This is a wonderful American folk art classic. This silhouette has a hollow cut head and a block printed body. Although a few other examples are recorded of this style with the body reverse-cut into a wood block which was then inked and stamped onto the paper, they come on the market very, very rarely. Rifken notes that these are much rarer than silhouettes with lithographed bodies. American Folk Portraits notes all known examples at the time of the books printing in 1982. At that time there are two examples (one woman and one man) in the Abby Aldrich Rockefeller Folk Art Center collection; a sample book by this artist with a Westminster, Massachusetts history1; and a privately-owned example inscribed "Roxberry, Vermont, 1831"; and an example in the collection of Old Sturbridge Village.
This gentleman presents a body and style I’ve not encountered before. The body is printed almost to the waist and the block was cut with cross-hatches to give the coat texture. The body is slightly turned towards the viewer to that the lapel on the man’s proper right is shown. An interesting note about the cutting of this male silhouette is that the hair combed up above his forehead is cut with waves as opposed to drawn in on the outside of the profile. By this period in America (1830), most hollow-cut silhouettes of men had the addition of drawn or painted hair around a rounded cut-away head. I’m posting some block-body men I’ve had in the past for comparison. I have always found it so intriguing that with these rarely found block-printed or lithograph bodies still appear to be by different hands. The bodies are never quite the same and the cutting is obviously done by different artists with different styles.
The silhouette is in good condition with toning to left side, bottom of the paper. The toning is because a piece of black fabric used for the backing was placed between silhouette paper and wood backing and protected the silhouette paper. If the fabric had been the full size of the paper, it would have protected all of the paper.
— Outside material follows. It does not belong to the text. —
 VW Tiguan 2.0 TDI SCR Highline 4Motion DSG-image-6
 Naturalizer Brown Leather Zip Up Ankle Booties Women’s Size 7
However, fabric was expensive and silhouettists of the period tended to use as small a piece as possible. I have inserted conservation materials so that the paper no longer touches the wood back. There is a bit of paper rubbing at around 1 o’clock just inside the oval portal. It has a beautifully restored églomisé mat in gold overpainted frame that measures 4 ¾” x 5 ¾”. As you can see in the photos, the frame has a few dings. Circa 1830 and a great American folk silhouette.
Rifken, Blume J., Silhouettes in America, 1790-1840: A Collector's Guide, Burlington, VT, Paradigm Press, Inc. 1987. 66.
Rumsford, Beatrix, American Folk Portraits Paintings and Drawings from the Abby Aldrich Rockefeller Folk Art Center
1 According to American Folk Portraits , the Westminster, Mass sample book includes both fully cut profiles and examples with block printed bodies. The privately-owned book is assumed to be a sample book, but (as with Edouart's duplicate folios) would have provided the silhouettist with a marketing opportunity to show prospective sitters what types of work he/she could do. The fully cut examples in the book include scalloped bust-line terminations. American Folk Portraits at 245. Several years ago, I inquired about the sample book from Barbara Luck who was curator of paintings and prints when American Folk Portraits was written. She told me that the book had been owned by Bertram K and Nina Fletcher Little. I tried tracing the book but it seems to have become hidden in another private collection. I would love to examine the book to see if later scholarship would allow us to attribute the silhouettist from the fully cut silhouettes.